On Monday, 27 December 2021, Birger Koblitz wrote:
> Hi,
> 
> I don't think the IRQ routing has an off-by one error. This was chosen
> by John to correspond to Realtek's own "documentation" and to
> take account of the special meaning of IRQs 0, 1 for VSMP and 6 and 7
> for the Realtek SoCs. In any case it would break the ABI as the meaning
> of these values changes and I don't think the change in range actually
> gives any additional functionality.

Realtek's SDK provides routing register values. I would have to check to see what CPU IRQs it then binds to, to service those interrupts. The binding wouldn't have to change, but we could fix the driver and devicetrees.

The binding specifies that interrupt-map provides a mapping of interrupt inputs to parent interrupt. The driver then takes these values, but doesn't check what the parent interrupt controller actually is, and finally assigns a chained handler to a hardware IRQ index (instead of a VIRQ).
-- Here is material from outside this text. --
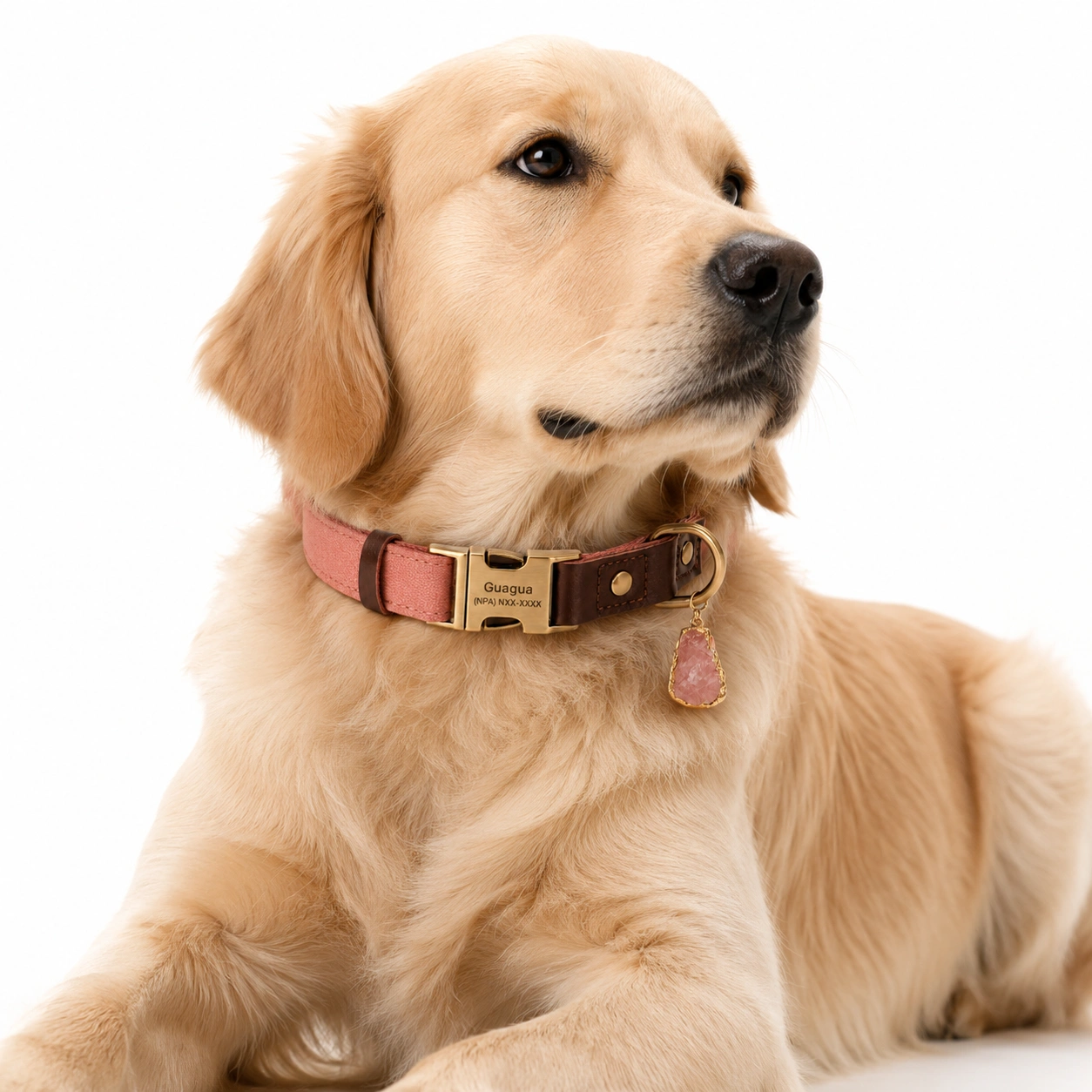 Rose Quartz Dog Collar Set – Blush Elegance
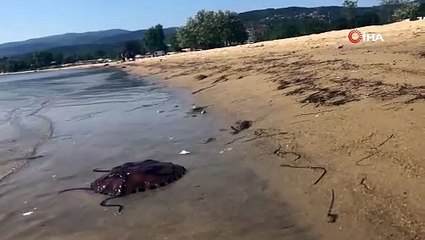 Balıkesir’in Erdek ilçesinde pusula denizanası uyarısı!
You can try limiting the interrupt-map to only the mapping for UART0 with the current driver, and you will find that you end up with a broken system.

CPU IRQs 0 and 1 are indeed special (IPI for VSMP), yet we have interrupt mappings that contain <... &cpuintc 1>. Furthermore, if you specify a mapping of <... &cpuint 6> for an active interrupt source, you will get spurious timer (CPU IRQ 7) interrupts. This can't be correct. 
 
> With regards to the RTL8390, that SoC actually has two IRQ controllers
> to allow VSMP. The changes in parent routing have a good chance of breaking
> VSMP on the RTL8390 targets. Did you stress test this new logic under VSMP?

I haven't tested this with VSMP, because it is out of scope for this series. For the binding, I expect that would only require N register ranges instead of one; one per CPU. I think the driver should then be able to perform the IRQ balancing based on that information alone, given that the parent IRQs are available at each CPU.